_Work required_
Repeat all of the records exactly, leaving out the pictures.

Given information: Begin

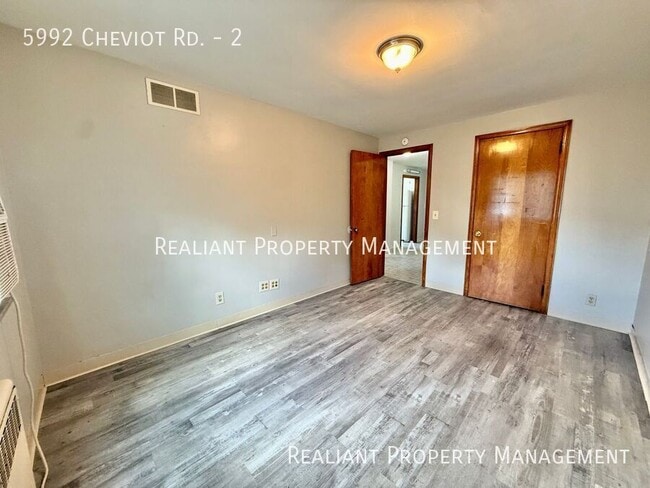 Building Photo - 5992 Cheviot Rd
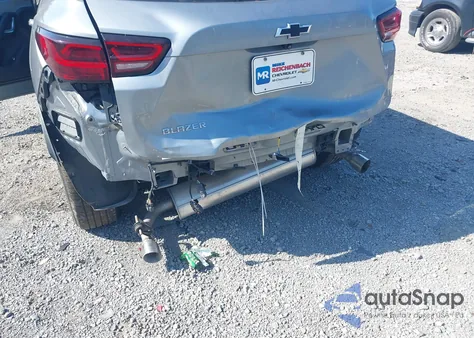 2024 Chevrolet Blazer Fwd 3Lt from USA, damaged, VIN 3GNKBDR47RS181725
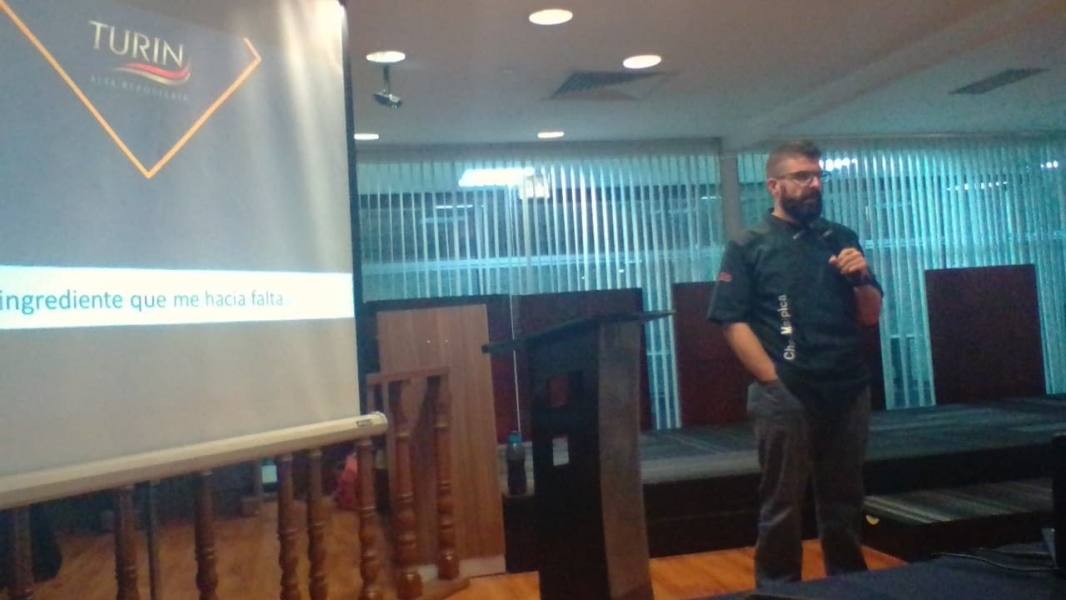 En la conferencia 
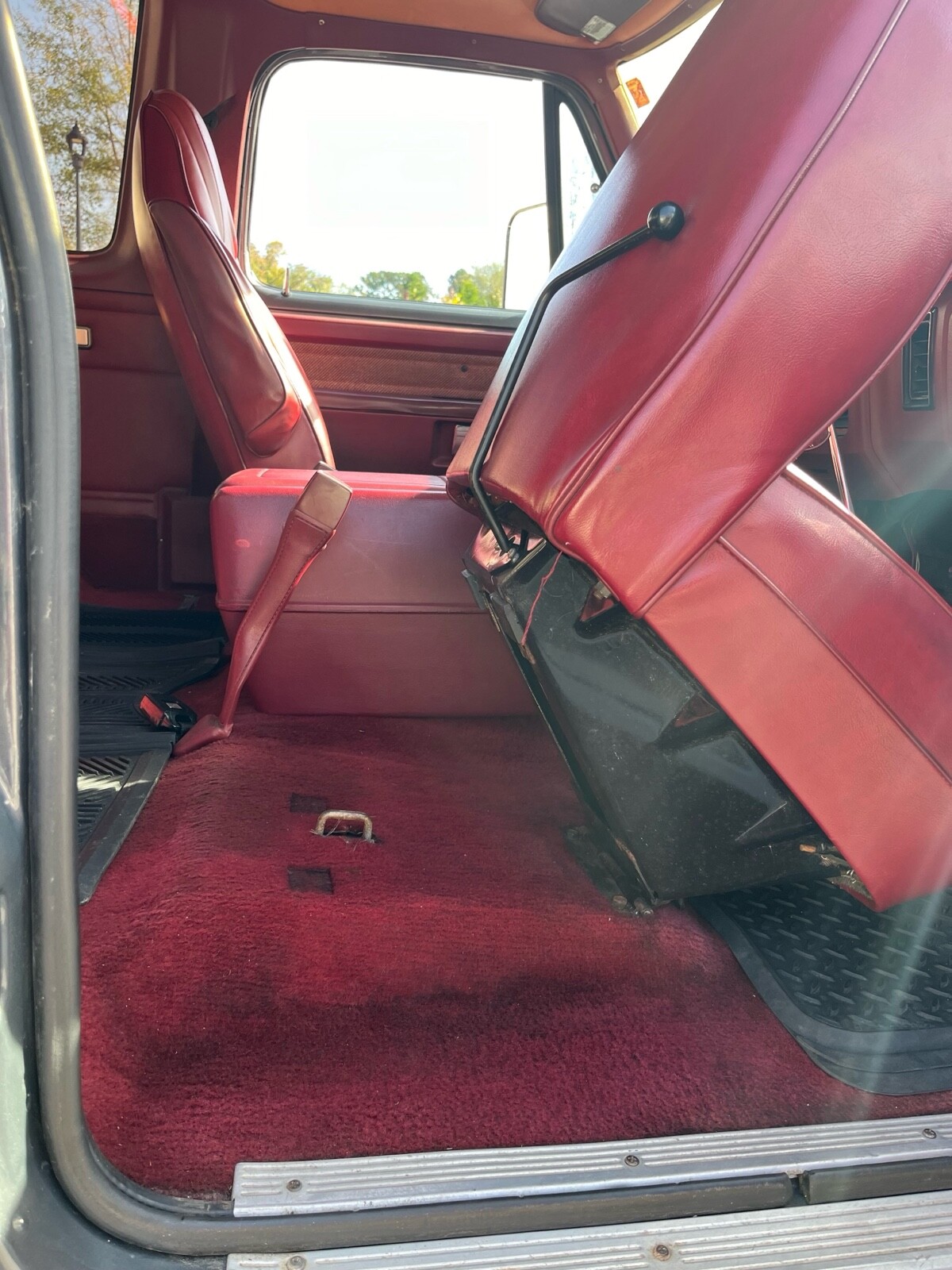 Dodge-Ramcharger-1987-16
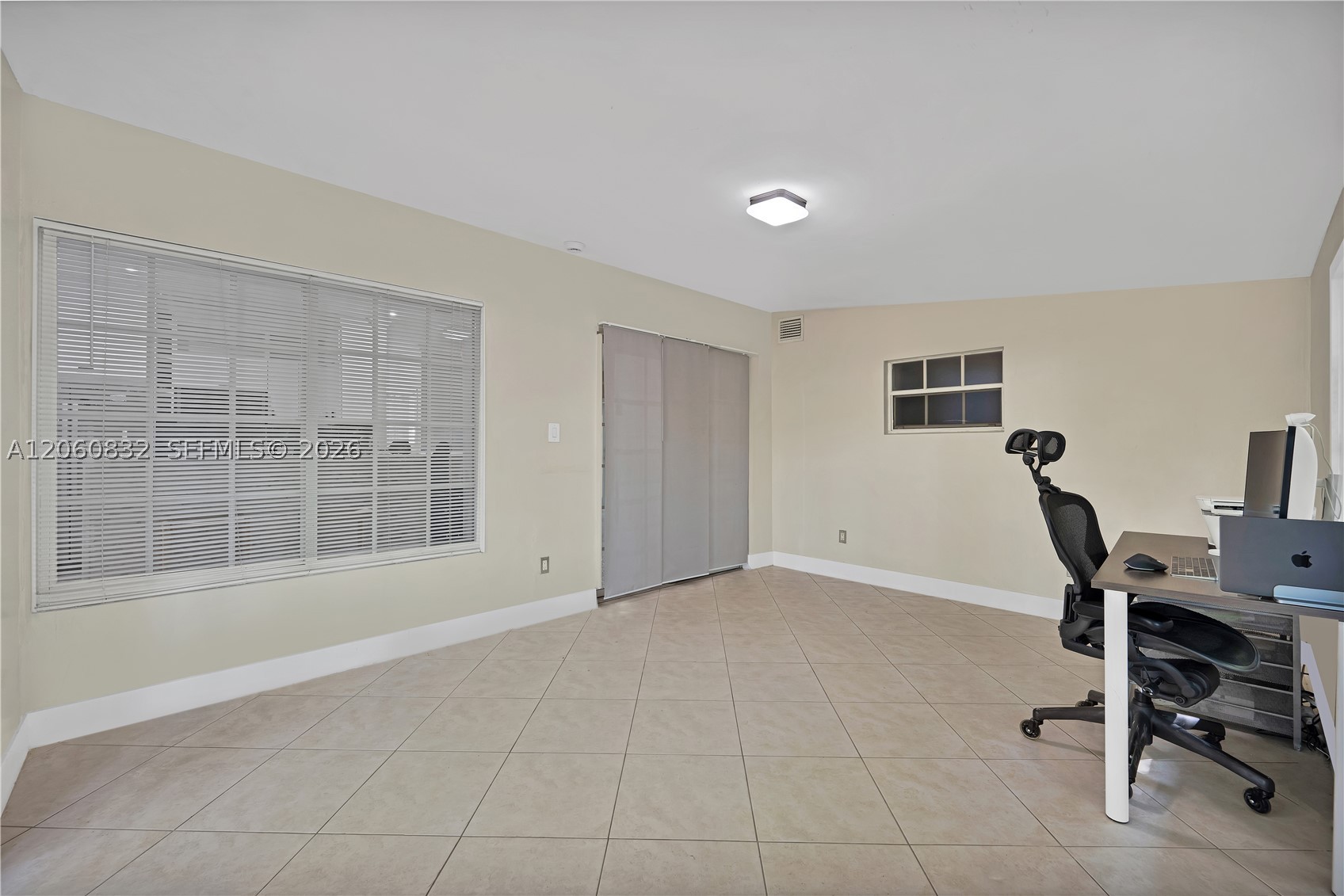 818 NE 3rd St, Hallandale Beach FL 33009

Given information: End

_Task solution_
 Building Photo - 5992 Cheviot Rd
 2024 Chevrolet Blazer Fwd 3Lt from USA, damaged, VIN 3GNKBDR47RS181725
 En la conferencia 
 Dodge-Ramcharger-1987-16
 818 NE 3rd St, Hallandale Beach FL 33009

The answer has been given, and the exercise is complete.